New Westminster families should learn more next week about how School District 40 plans to handle potential school closures in the event of extreme heat.

New administrative procedures around school closures are expected to be presented at the June 20 school board meeting.

Superintendent Karim Hachlaf, updating trustees at their June 6 operations committee meeting, said secretary-treasurer Bettina Ketcham and her department have been in discussions with the administrative teams at the district’s schools to help craft new language around school closures in the event of extreme heat. As it stands now, the district’s procedures on weather-related school closures are focused on winter weather rather than summer.

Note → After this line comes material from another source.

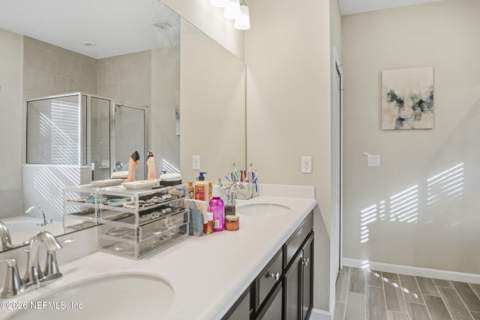 9906 Pavnes Creek Drive, Jacksonville FL - photo 17 of 38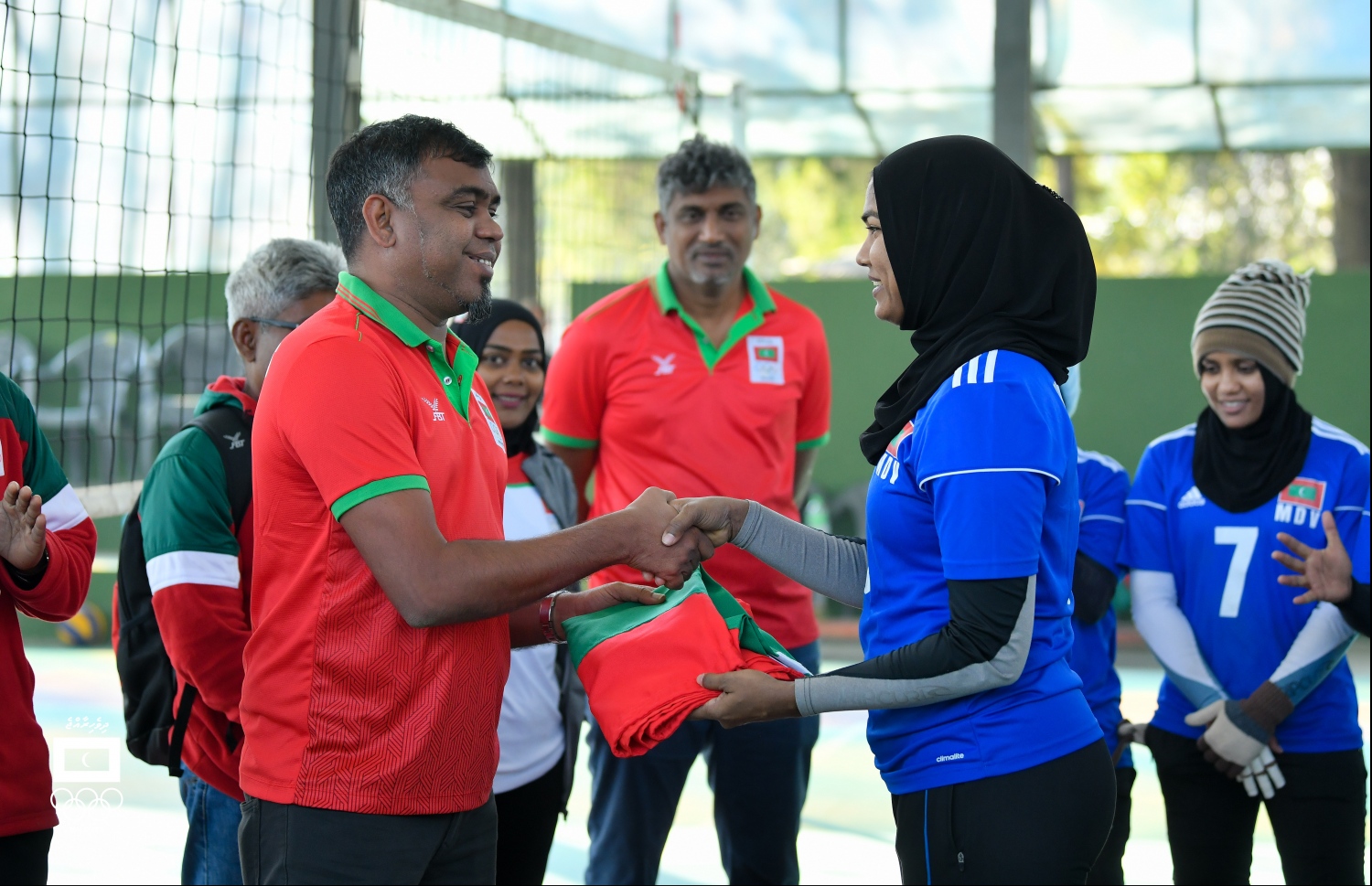 އޮލިމްޕިކް ކޮމިޓީގެ ސެކްރެޓަރީ ޖެނެރަލް މަރޭ (ވ) ހައްވައާ ދިދަ ހަވާލުކުރަނީ. -- ފޮޓޯ: ހުސެއިން ވަހީދު/ މޯލްޑިވްސް އޮލިމްޕިކް ކޮމިޓީ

Hachlaf has previously pointed out that school closures would be a rare circumstance — such as what happened in 2021, when the heat dome that hit B.C. caused temperatures in New West to soar past 40 C and led to school closures in the final week of classes.

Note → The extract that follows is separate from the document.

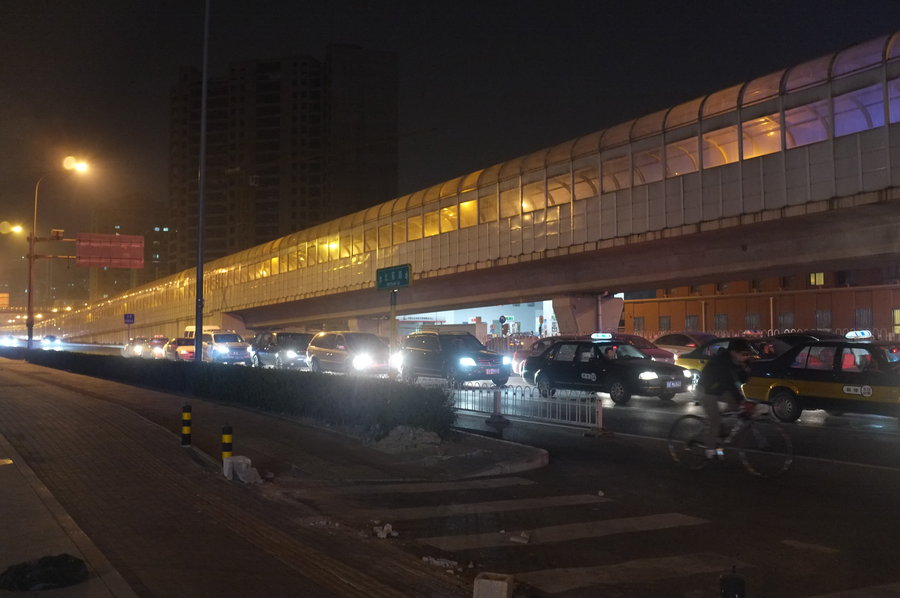 夜晚的路人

The discussion around heat in schools has been a hot topic at school board for the past month, since a mid-May heat wave saw temperatures in some classrooms in the range of 28 C to 33 C.

The hot temperatures have been a particular challenge for classrooms in portables and for those at the district’s two newest schools, Skwo:wech Elementary and New Westminster Secondary.

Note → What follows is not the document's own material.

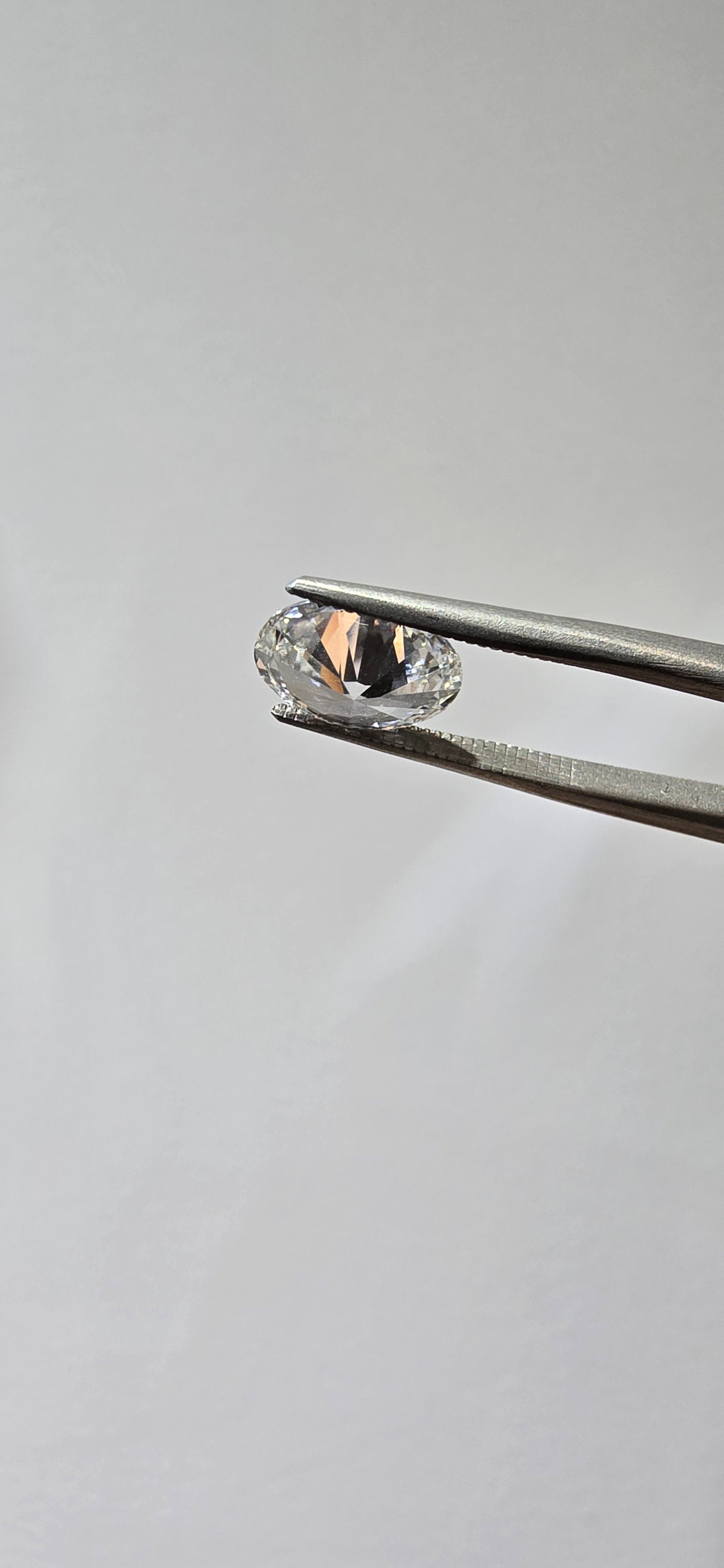Oval (VS1-G) 2.36ct Lab Grown Diamond – IGI Certified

No New Westminster schools are air-conditioned.

Dave Crowe, SD40’s director of capital projects, said the current challenges stem from the fact that, for decades, schools have been built to a standard that anticipates a maximum temperature of 29 C, and HVAC systems have been designed accordingly.

The problem is, he noted, that the Lower Mainland is now regularly seeing temperatures in the 30s, even reaching into the mid-30s.

In future, he said, new schools will be built to a standard that anticipates a maximum of 35 C.

“It’s no secret that we’re faced with temperatures right now that are 10 to 15 degrees higher than what we’ve ever experienced before,” he said. “So years ago, cooling was never talked about. … Now it’s extremely front and centre.”

All future schools, he said, will incorporate at the minimum “passive cooling” and, at maximum, actual air conditioning.

In the meantime, the district has been working on ways to help keep its existing schools as cool as possible — including having discussions with the Ministry of Education and Child Care about retrofitting the two newest schools with cooling capabilities.